An Essay on Brainwashing


Date: 02-11-02

By: Andries Krugers Dagneaux, a former follower of Sathya Sai Baba.

Document date: 02-07-02


The word 'brainwashed' is a convenient way to characterize a deluded believer in SSB and I use it myself too, but I don't believe in brainwashing. It is just intellectual laziness to use the term in my opinion.

Underneath I try to explain what 'brainwashing' actually is. Thanks in advance for your comments.

(1) Lack of information or even information control.

One of the elements is to convince oneself that glaring contradictions in information are "irrelevant" compared to the overall intent or picture. Glaring contradictions in information are ignored entirely or glibly rationalized. So a large part of the information is controlled by minimizing the significance of contradictions through the articles of faith, or dogma itself such as "oh, Master knows best"; or "you will see the 'truth' yourself when you 'go within' then all those seeming contradictions will vanish."
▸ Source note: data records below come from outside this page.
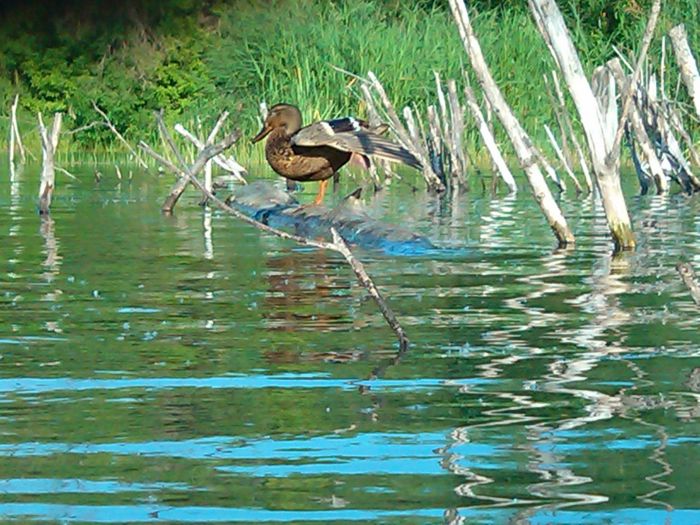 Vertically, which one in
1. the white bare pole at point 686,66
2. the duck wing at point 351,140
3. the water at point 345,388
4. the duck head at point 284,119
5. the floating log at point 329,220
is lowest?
the floating log at point 329,220

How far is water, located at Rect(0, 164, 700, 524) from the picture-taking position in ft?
15.4

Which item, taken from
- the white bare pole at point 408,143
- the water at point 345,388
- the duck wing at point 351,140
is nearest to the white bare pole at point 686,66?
the white bare pole at point 408,143

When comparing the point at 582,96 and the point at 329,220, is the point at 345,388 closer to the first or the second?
the point at 582,96

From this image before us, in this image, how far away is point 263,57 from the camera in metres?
27.0

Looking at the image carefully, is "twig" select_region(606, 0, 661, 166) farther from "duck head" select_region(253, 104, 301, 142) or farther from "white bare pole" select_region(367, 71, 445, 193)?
"white bare pole" select_region(367, 71, 445, 193)

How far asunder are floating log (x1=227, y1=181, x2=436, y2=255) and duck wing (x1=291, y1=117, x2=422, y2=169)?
0.42m

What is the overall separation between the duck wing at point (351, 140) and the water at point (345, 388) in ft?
7.72

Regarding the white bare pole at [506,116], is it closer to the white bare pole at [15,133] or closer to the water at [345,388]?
the water at [345,388]

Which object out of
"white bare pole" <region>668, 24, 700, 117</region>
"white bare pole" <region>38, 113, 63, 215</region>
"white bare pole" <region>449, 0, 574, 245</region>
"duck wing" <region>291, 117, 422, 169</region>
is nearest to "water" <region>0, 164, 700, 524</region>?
"white bare pole" <region>449, 0, 574, 245</region>

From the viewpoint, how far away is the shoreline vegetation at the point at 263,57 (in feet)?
80.5

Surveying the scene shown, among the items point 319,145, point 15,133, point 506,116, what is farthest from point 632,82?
point 15,133

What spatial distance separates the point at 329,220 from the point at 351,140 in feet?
3.02

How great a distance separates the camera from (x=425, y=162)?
1908 cm

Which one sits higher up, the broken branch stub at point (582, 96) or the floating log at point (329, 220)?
the broken branch stub at point (582, 96) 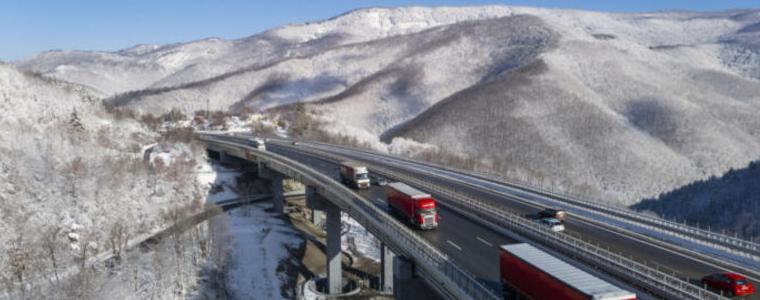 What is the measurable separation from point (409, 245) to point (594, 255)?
10.6 m

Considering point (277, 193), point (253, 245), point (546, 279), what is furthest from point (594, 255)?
point (277, 193)

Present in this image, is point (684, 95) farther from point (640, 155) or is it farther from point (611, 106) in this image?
point (640, 155)

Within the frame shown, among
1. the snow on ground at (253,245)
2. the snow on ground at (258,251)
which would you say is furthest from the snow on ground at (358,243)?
the snow on ground at (253,245)

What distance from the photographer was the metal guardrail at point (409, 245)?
25266 mm

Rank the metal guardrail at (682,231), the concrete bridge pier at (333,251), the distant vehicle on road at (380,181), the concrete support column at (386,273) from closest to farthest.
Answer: the metal guardrail at (682,231) < the concrete support column at (386,273) < the concrete bridge pier at (333,251) < the distant vehicle on road at (380,181)

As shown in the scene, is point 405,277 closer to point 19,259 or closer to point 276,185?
point 19,259

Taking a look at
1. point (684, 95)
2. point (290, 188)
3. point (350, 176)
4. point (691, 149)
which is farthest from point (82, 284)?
point (684, 95)

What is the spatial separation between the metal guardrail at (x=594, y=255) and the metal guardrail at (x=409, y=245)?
311 inches

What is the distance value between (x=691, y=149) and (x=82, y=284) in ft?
457

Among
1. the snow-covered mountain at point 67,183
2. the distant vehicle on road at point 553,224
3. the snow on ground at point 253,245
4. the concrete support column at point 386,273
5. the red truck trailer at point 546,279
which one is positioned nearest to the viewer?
the red truck trailer at point 546,279

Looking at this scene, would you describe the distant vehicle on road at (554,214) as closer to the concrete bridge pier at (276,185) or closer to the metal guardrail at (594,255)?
the metal guardrail at (594,255)

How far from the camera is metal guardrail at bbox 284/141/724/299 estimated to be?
83.2 ft

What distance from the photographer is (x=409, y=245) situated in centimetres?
3212

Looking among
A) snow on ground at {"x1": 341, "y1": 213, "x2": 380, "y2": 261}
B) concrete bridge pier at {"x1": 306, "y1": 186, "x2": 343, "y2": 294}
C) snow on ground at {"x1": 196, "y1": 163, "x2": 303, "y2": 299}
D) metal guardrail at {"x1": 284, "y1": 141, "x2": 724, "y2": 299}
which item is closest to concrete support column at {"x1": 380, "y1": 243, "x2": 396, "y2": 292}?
concrete bridge pier at {"x1": 306, "y1": 186, "x2": 343, "y2": 294} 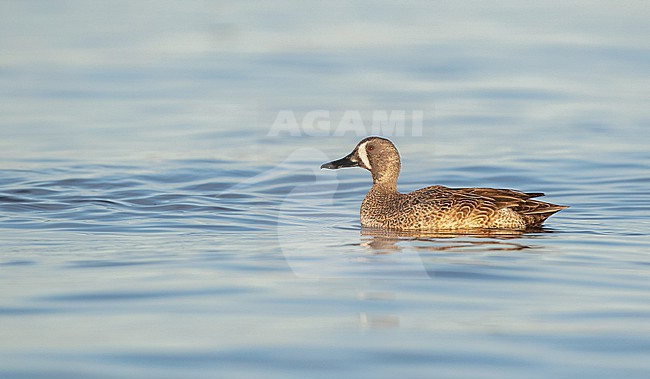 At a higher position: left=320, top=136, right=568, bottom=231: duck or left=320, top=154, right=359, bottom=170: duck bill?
left=320, top=154, right=359, bottom=170: duck bill

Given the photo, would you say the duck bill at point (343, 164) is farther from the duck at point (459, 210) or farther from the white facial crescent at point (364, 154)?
the duck at point (459, 210)

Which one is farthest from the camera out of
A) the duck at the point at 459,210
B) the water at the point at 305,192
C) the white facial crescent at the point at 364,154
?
the white facial crescent at the point at 364,154

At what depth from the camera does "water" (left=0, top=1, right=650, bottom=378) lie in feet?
22.0

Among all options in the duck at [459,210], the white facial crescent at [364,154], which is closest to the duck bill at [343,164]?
the white facial crescent at [364,154]

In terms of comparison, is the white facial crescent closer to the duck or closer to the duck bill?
the duck bill

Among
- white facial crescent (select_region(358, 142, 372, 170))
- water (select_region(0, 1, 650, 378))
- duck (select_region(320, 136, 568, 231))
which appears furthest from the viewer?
white facial crescent (select_region(358, 142, 372, 170))

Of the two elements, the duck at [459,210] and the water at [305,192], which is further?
the duck at [459,210]

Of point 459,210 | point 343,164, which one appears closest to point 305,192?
point 343,164

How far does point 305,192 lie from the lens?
14.0 m

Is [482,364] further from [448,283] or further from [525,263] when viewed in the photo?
[525,263]

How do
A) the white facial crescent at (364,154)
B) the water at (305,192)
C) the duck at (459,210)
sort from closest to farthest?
1. the water at (305,192)
2. the duck at (459,210)
3. the white facial crescent at (364,154)

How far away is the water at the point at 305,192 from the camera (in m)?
6.71

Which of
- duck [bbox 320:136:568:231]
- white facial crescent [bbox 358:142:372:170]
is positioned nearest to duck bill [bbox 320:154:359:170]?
white facial crescent [bbox 358:142:372:170]

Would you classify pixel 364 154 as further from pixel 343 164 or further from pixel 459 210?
pixel 459 210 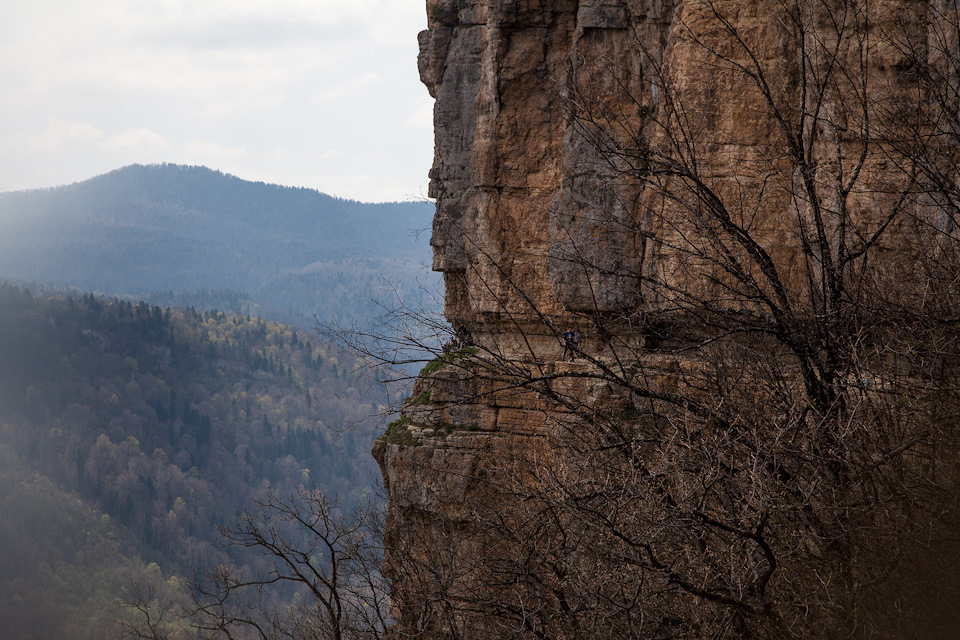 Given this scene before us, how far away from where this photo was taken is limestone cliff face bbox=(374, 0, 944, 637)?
11711 mm

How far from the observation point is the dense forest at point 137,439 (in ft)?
334

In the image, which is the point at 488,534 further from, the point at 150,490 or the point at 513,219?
the point at 150,490

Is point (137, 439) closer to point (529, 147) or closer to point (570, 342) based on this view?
point (529, 147)

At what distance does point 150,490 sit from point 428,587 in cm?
12506

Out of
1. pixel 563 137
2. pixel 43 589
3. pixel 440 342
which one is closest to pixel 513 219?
pixel 563 137

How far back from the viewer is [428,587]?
12.8m

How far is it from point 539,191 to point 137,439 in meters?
140

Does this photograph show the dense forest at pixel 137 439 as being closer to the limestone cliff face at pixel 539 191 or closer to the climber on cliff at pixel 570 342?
the limestone cliff face at pixel 539 191

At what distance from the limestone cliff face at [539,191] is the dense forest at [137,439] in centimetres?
8084

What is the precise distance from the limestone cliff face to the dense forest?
80836 millimetres

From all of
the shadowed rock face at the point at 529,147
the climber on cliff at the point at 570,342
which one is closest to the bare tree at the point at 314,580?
the climber on cliff at the point at 570,342

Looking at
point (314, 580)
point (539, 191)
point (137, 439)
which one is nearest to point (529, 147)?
point (539, 191)

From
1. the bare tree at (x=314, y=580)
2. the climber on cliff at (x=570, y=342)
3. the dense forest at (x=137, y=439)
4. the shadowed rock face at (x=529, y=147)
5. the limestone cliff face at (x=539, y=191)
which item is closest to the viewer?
the climber on cliff at (x=570, y=342)

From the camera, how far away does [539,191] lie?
15.2 metres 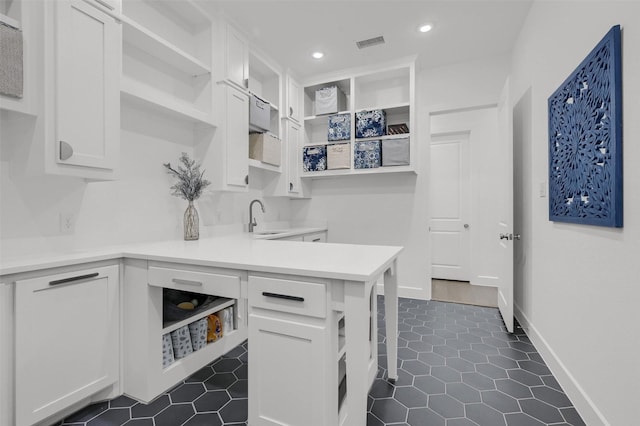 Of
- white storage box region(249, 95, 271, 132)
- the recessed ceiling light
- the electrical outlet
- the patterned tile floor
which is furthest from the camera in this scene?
white storage box region(249, 95, 271, 132)

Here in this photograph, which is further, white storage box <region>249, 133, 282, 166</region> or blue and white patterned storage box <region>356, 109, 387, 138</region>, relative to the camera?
blue and white patterned storage box <region>356, 109, 387, 138</region>

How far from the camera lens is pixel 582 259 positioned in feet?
5.37

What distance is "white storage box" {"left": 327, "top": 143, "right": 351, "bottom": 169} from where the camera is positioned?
3641mm

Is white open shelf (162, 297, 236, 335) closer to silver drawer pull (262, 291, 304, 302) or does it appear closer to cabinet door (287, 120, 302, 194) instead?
silver drawer pull (262, 291, 304, 302)

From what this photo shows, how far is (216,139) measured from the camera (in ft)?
8.61

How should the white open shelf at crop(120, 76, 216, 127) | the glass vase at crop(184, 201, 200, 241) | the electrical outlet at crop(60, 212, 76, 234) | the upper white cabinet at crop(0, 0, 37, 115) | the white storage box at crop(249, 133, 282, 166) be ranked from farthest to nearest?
the white storage box at crop(249, 133, 282, 166)
the glass vase at crop(184, 201, 200, 241)
the white open shelf at crop(120, 76, 216, 127)
the electrical outlet at crop(60, 212, 76, 234)
the upper white cabinet at crop(0, 0, 37, 115)

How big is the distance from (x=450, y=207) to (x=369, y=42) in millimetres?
2849

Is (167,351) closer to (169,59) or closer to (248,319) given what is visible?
(248,319)

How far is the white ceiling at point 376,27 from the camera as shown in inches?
102

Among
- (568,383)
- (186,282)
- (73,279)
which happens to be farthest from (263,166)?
(568,383)

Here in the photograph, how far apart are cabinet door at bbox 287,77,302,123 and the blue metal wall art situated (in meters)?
2.60

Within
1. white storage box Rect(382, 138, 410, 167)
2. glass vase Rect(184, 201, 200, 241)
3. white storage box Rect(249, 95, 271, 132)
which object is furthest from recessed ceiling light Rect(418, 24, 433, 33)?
Result: glass vase Rect(184, 201, 200, 241)

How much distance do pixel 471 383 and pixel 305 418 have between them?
1.20 metres

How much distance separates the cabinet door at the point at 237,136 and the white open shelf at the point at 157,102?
0.61ft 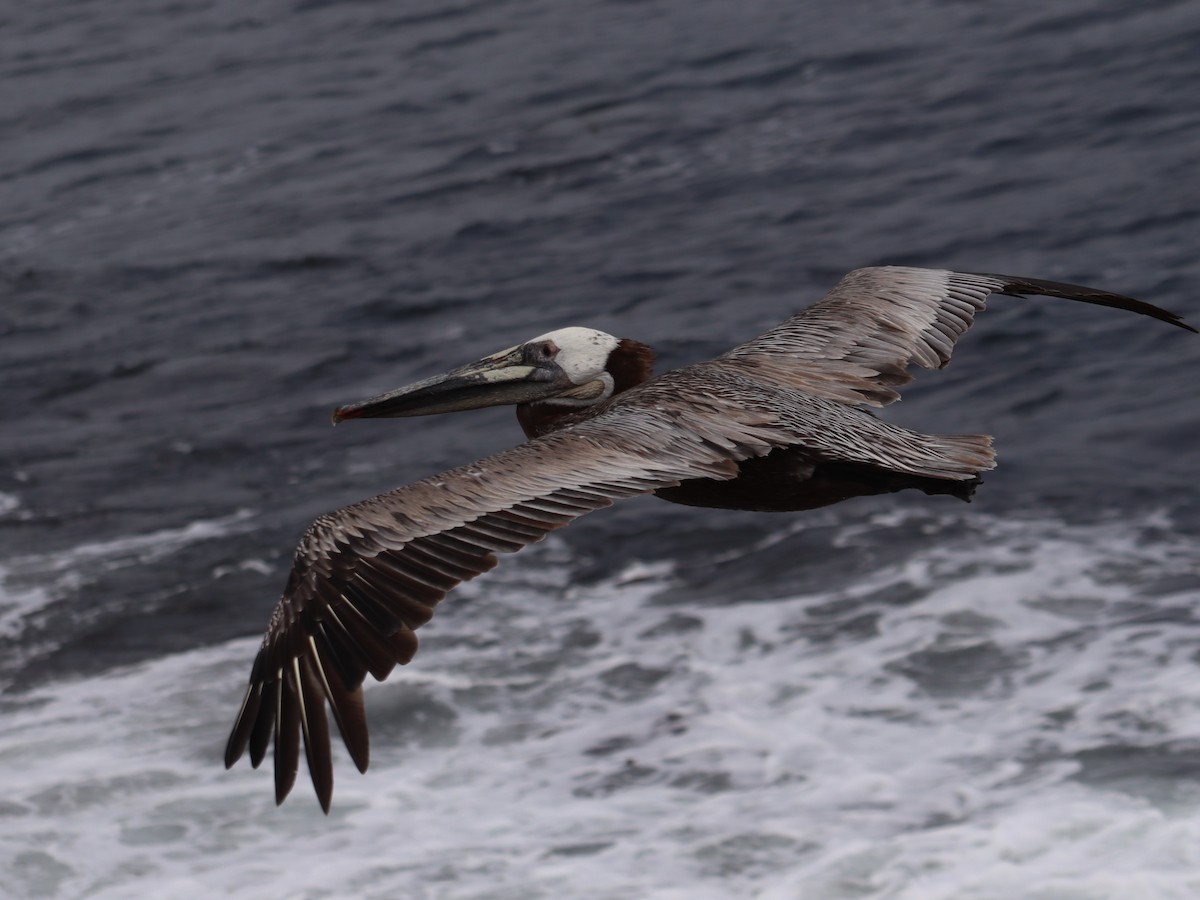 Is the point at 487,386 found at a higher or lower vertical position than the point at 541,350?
lower

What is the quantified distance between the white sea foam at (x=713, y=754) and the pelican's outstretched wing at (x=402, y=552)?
14.6 feet

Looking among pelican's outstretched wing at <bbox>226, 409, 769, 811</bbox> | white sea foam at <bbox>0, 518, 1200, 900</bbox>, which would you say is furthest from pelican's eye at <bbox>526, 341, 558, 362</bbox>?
white sea foam at <bbox>0, 518, 1200, 900</bbox>

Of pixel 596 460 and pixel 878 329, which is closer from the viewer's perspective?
pixel 596 460

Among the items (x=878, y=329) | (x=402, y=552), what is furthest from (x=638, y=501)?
(x=402, y=552)

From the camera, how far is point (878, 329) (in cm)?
945

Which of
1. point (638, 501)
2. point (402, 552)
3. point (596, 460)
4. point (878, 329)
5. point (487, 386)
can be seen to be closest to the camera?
point (402, 552)

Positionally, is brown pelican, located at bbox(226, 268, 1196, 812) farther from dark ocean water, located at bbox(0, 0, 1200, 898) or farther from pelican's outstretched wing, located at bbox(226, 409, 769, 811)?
dark ocean water, located at bbox(0, 0, 1200, 898)

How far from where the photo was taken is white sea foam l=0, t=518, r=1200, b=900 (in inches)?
442

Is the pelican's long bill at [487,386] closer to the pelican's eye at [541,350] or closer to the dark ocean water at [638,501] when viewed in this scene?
the pelican's eye at [541,350]

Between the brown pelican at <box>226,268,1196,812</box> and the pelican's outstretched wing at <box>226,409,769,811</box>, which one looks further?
the brown pelican at <box>226,268,1196,812</box>

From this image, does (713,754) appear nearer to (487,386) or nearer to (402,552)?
(487,386)

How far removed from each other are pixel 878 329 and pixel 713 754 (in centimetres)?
391

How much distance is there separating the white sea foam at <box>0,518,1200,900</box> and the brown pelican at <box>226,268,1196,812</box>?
345cm

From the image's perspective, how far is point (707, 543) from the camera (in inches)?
582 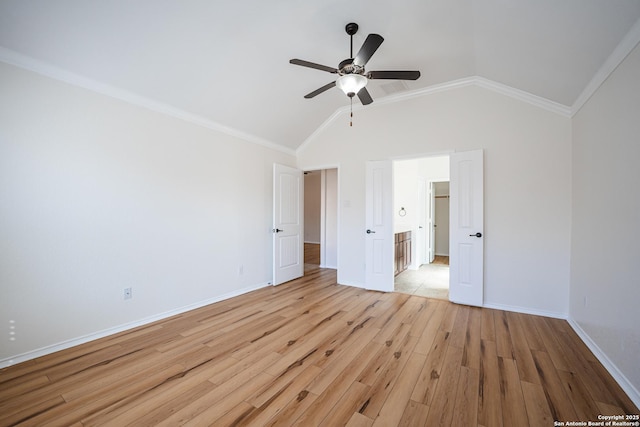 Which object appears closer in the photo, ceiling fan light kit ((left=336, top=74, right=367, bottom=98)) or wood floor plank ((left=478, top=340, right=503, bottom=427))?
wood floor plank ((left=478, top=340, right=503, bottom=427))

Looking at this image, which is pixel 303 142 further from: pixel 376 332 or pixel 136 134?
pixel 376 332

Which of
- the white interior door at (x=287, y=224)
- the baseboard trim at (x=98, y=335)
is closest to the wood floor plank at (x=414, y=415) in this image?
the baseboard trim at (x=98, y=335)

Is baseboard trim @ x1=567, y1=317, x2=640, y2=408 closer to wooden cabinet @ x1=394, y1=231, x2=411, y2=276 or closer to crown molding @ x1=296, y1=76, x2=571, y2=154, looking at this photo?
crown molding @ x1=296, y1=76, x2=571, y2=154

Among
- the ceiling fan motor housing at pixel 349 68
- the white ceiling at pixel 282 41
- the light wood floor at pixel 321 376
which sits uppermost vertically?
the white ceiling at pixel 282 41

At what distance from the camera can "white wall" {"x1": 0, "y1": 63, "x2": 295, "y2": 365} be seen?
2.21 m

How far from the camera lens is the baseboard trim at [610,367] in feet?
5.70

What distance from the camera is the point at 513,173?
341 cm

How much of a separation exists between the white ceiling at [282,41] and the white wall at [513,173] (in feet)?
1.20

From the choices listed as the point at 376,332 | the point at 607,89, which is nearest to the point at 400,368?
the point at 376,332

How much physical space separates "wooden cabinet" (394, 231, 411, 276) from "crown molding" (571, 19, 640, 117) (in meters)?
3.15

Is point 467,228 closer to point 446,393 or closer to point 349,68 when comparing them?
point 446,393

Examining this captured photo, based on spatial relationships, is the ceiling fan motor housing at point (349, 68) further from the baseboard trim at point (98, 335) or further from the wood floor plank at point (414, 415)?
the baseboard trim at point (98, 335)

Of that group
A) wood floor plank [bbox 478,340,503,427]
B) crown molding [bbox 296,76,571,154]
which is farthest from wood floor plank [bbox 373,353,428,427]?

In the case of SSB I had not heard until 1999 of e.g. Dale Beyerstein's analysis of the claims of SSB's omnipotence and omniscience nor from Tal Brooke. Earlier only very indirectly from Keith Ord's story. And even after reading about them, it took about a year before the truth dawned to me.

(2) Emotional investments (a big thing for some).

(3) Cognitive dissonance.

Cognitive dissonance is a term for a very common, well known psychological law that says that after making a choice one tends to evaluate the chosen thing, person, religion, guru or whatever more positive as before making the choice. It is also extensively treated in Steve Hassan's book "Releasing the Bonds" about cults.

(4) Intellectual inaccuracy ( or 'never let the truth in the way of a good story').

As we all know quite a lot miracle stories are promoted by exaggeration by devotees. In a way you can't blame the devotees in my opinion because they don't consider intellectual accuracy important. After all SSB never told them so.

(5) Group Thinking.

If so many intelligent persons believe in it, then it must be true. Everybody tells me that SSB is the avatar and they are not stupid at all, so they must be right.

(6) Gullibility/Naivete.

"Nobody would dare tell THAT big of a whopper story, so my Avatar or guru - MUST be right and God Incarnate, then!" Oh, dear. Yes, Virginia, people CAN tell huge WHOPPERS and "God" does not incinerate them where they stand for their temerity. (A spontaneous human combustion in their next life perhaps?). Sad, but true."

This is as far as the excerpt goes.